Surprisingly, Raymond isn't working on Aerovironment's own solar aircraft program, the largest version of which, called Helios, crashed off of Hawaii last year, leaving its smaller prototype, Pathfinder to continue the research on what's left of government funding. Instead, he works in the Monrovia, California-based company's unmanned aerial vehicles (UAV) program under a Pentagon contract, developing very small, remote controlled reconnaissance aircraft.

Flying Sunseeker
Once being a licensed private pilot -- I haven't flown a plane myself in years -- I have to admit my envy of Raymond. I find sailplanes one of the "sexiest" machines ever invented by man, so I ask him to tell me what its like to fly a machine that gets all its energy from sunlight.

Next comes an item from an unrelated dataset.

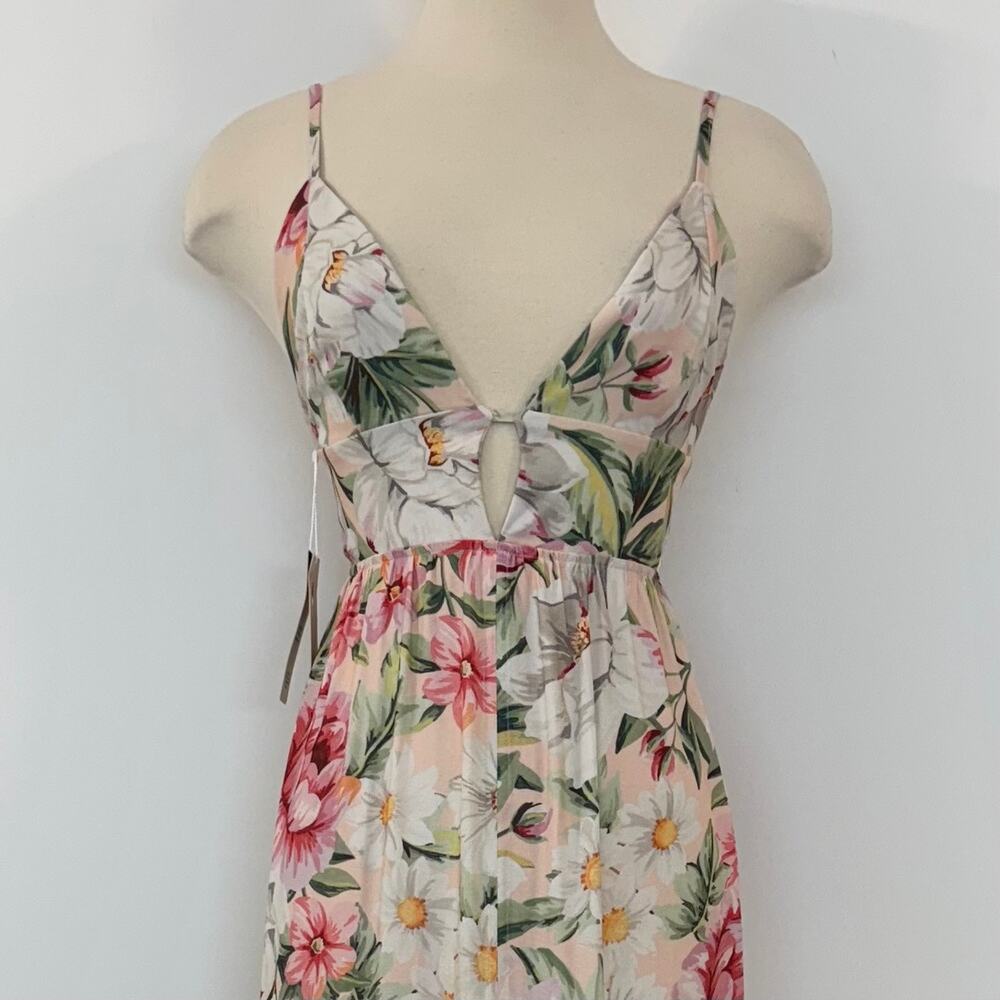 Maaji Spring Garden Eva Long Maxi Dress Floral Botanical Tropical M NWT - Picture 5 of 13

He says that it handles very well, but its also very, very slow. It has a wing-longing of three pounds per square foot and flies at between 30 and 35 mph, slow enough for curious birds to fly in close formation with him. He has gotten it up to nearly 100 mph in a shallow dive towards an airport. Going fast isn't what Sunseeker or Raymond are all about. He tells me that one of the great joys of this plane is flying with his canopy open, made possible by a special mechanism he invented, as well as the aerodynamics of the parasol wing. He says can almost reach out and touch the birds that soar in for a closer look. He half suspects they want to land on Sunseeker, but it hasn't happened yet.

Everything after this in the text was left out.